Personal information
- Full name: Jeffrey Raymond Sarau
- Date of birth: 25 January 1954 (age 71)
- Original team(s): East Brighton
- Height: 191 cm (6 ft 3 in)
- Weight: 96 kg (212 lb)

Playing career^{1}
- Years: Club / Games (Goals)
- 1971–1972: Sandringham (VFA) / 032 0(32)
- 1973–1983: St Kilda / 226 (119)
- 1984–1985: West Torrens (SANFL) / 035 00(9)
- 1986–1989: Frankston (VFA) / 67
- ^{1} Playing statistics correct to the end of 1983.

Career highlights
- St Kilda Best and Fairest 1975, 1977; Victorian B side representative; St Kilda Hall of Fame Inductee;

= Jeff Sarau =

Australian rules footballer, born 1954

Jeff Sarau (born 25 January 1954) is a former Australian rules footballer who played for St Kilda in the Victorian Football League and West Torrens Football Club in the South Australian National Football League as a ruckman.

Although at 191 centimetres, Sarau was short for a ruckman, he compensated for this by his aggressive attitude and good leap. Sarau made his debut with Victorian Football Association (VFA) club Sandringham Football Club in 1971 before transferring to St Kilda in 1973.

Sarau played for Victoria twice, won Best and Fairest Awards at St Kilda in 1975 and 1977 and became club vice-captain. After 226 games and 119 goals for St Kilda Sarau moved to West Torrens after being sacked from the vice-captaincy role in 1984. He won the West Torrens Best and Fairest in his first season and played 35 games for the Eagles before returning to Victoria to join VFA club Frankston Football Club in 1986.
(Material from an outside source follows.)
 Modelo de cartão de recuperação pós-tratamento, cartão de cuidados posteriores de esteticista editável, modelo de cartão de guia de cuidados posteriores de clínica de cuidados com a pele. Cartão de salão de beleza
Sarau was runner-up in the Liston Trophy in 1986 and was appointed Frankston captain-coach in 1987, a position he held until the end of the 1989. He played 67 games for Frankston, and finished with a win–loss record of 29–24 from his 53 games as coach of the club. He was sacked following the season, in part due to the eight match suspension he received for four striking charges in the 1989 elimination final.